Speakers: Joseph A. Cannataci, Special Rapporteur on the Right to Privacy (UN); Fanny Hidvegi, Policy Manager at Access Now; Ulrich Kelber, Federal Commissioner for Data Protection and Freedom of Information; Alastair MacTaggart, Board Chair of Californians for Consumer Privacy; Sophie in t’ Veld, Member of the European Parliament


Data Protection Day marks an important celebration this year. The Council of Europe Convention for the Protection of Individuals with regard to Automatic Processing of Personal Data celebrates its 40th anniversary. Forty years later, it counts 55 Parties from Africa, Latin-America and Europe, and is still the only legally binding multilateral instrument on the protection of privacy and personal data open to any country in the world.

The Convention aimed at delivering two essential objectives: facilitating data flows and respecting human rights and fundamental freedoms, including human integrity and dignity. Has it lived up to its promises and what is its role at global level in the digital age?



Title: Automated Gender Attribution: It’s a Boy! It’s a Girl! Said the Algorithm

When and where: At 14h15 at Grande Halle Online


Moderator: Gloria Gonzalez Fuster, VUB/LSTS

Speakers: Os Keyes, Washington University; Sonia Katyal, University of California Berkeley Center for Law & Technology; Daniel Leufer, Access Now; Karen Melchior, Member of the European Parliament


Computer says “female”. Computer says “male”. Or computer says “unknown”, or “unclear but 63% chances of (X)”, or maybe just “error”. Or “no”. Machines are increasingly being asked to classify individuals on the basis of their presumed gender. Daily online activities are interpreted as signs of belonging to a gender category, often without data subjects knowing about this at all, and relying on opaque grounds that can hide extremely problematic gender stereotyping. Major big tech companies base on first names crucial decisions on supposed demographics, with a direct impact on who sees which online content exactly. Bodies are being read, compared, and sorted out while people just walk around in public. Automated Gender Attribution – often called Automated Gender “Recognition” – is increasingly ubiquitous.This panel will ask wow Automated Gender Attribution affects individual rights and freedoms, including those of trans and gender non-confirming individuals?

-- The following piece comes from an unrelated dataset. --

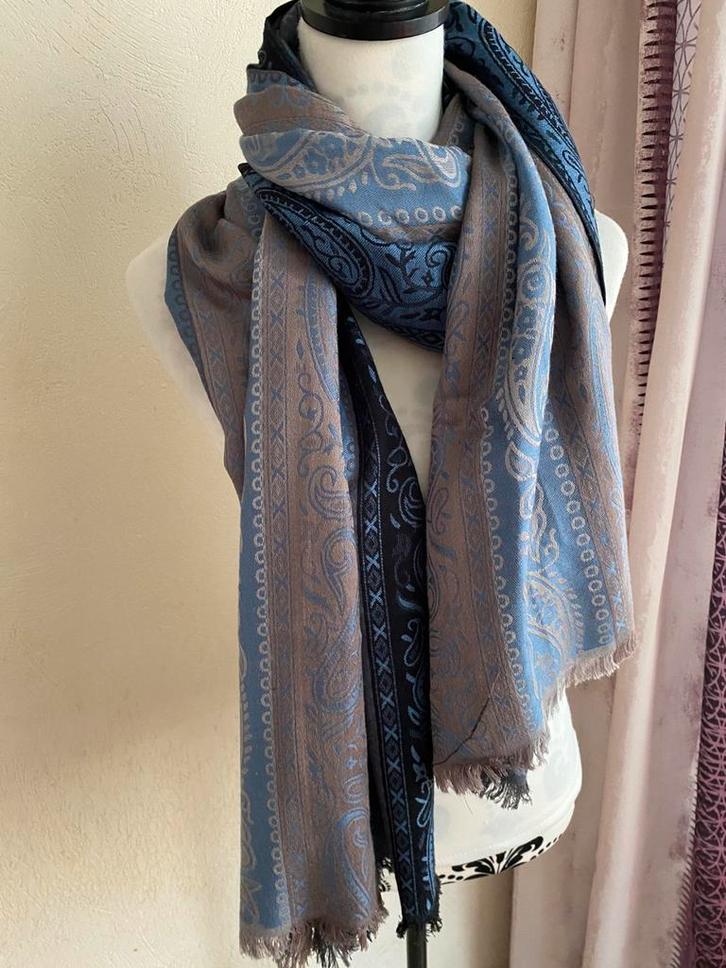 Châle / Étole avec petites franges, Vêtements | Femmes, Bonnets, Écharpes & Gants, Enlèvement ou Envoi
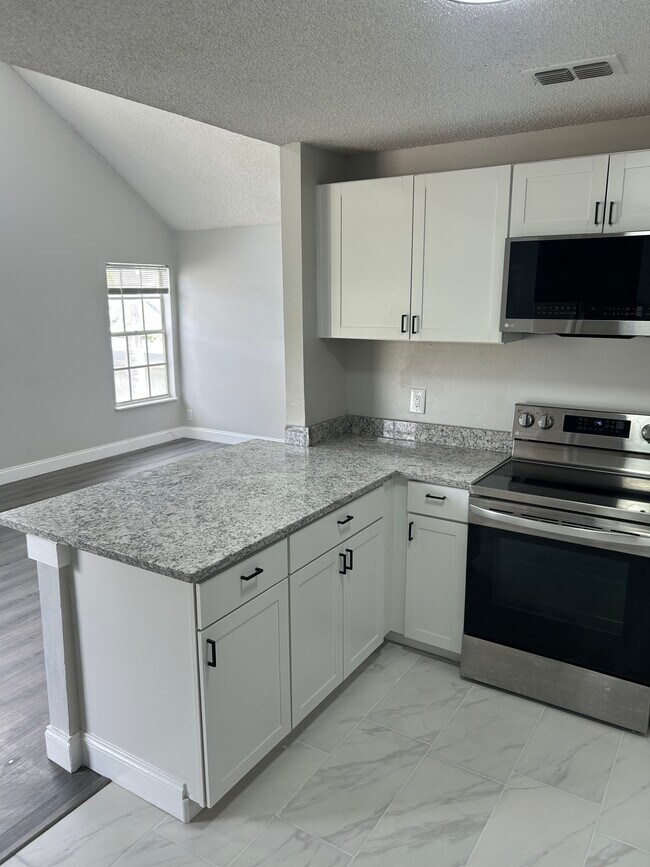 Building Photo - 12219 Armenia Gables Cir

Title: Data Governance Act: Data protection meets competition, IP rights and innovation

When and where: At 16h at Grande Halle Online


Moderator: Eduardo Ustaran, Hogan Lovells

Speakers: Simon Hania, Uber; Primavera De Filippi, CNRS and Berkman Klein Center for Internet & Society; Andrea Toth, DG CNECT; Oliver Micol, DG Just; Gaspar Pisanu, Access Now


The European Commission recently published the Digital Governance Act. With this Act, the Commission looks to create mechanisms to ease the sharing of public data, a system of “data intermediaries” — to encourage trust in sharing personal and non-personal data — and a set of “data altruism organisations” — to facilitate the ability of individuals and companies to make data available for the common good. In this panel, we will discuss how the EC policy ambitions meet and interact with data protection, competition, and intellectual property rights as well EU fundamental rights more broadly.